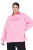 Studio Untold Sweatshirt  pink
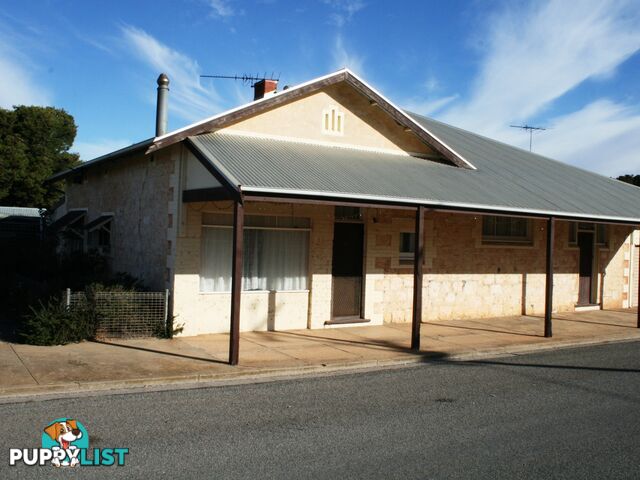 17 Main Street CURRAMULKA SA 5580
...
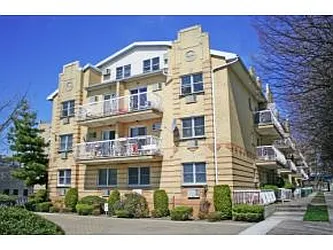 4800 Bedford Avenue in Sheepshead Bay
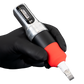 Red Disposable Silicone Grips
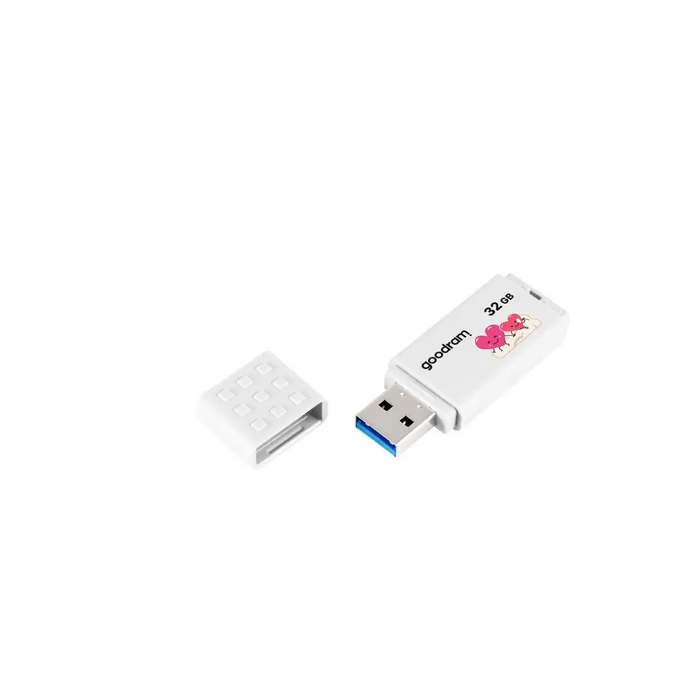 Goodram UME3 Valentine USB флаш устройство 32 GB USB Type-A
--
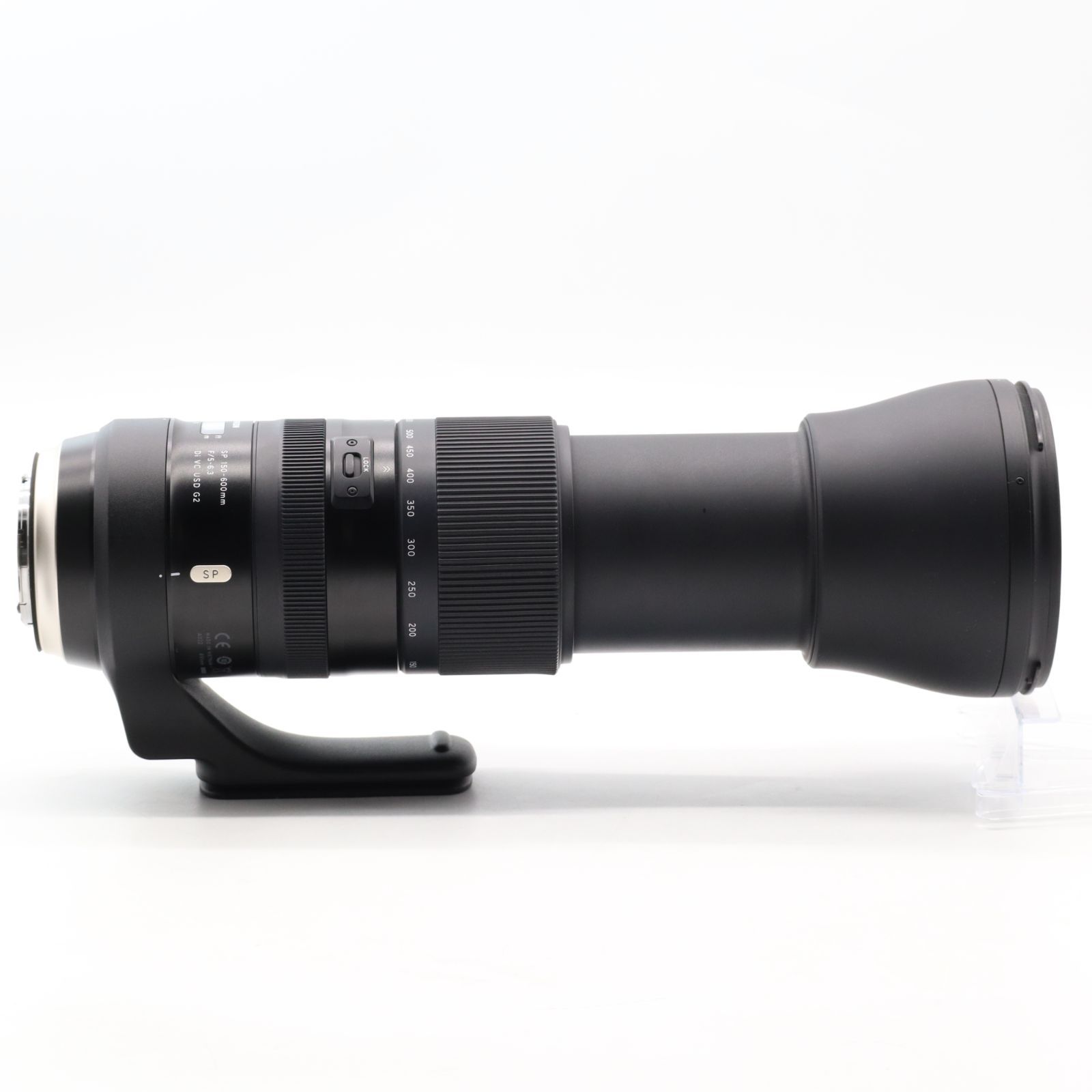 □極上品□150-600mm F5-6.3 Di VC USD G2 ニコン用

### WHAT IS REQUIRED
Pictures aside, print exactly the lines above starting with the one containing "Studio Untold Sweatshirt" and going on through the one containing "17 Main Street CURRAMULKA SA 5580".

### EXPECTED ANSWER
 Studio Untold Sweatshirt  pink
 17 Main Street CURRAMULKA SA 5580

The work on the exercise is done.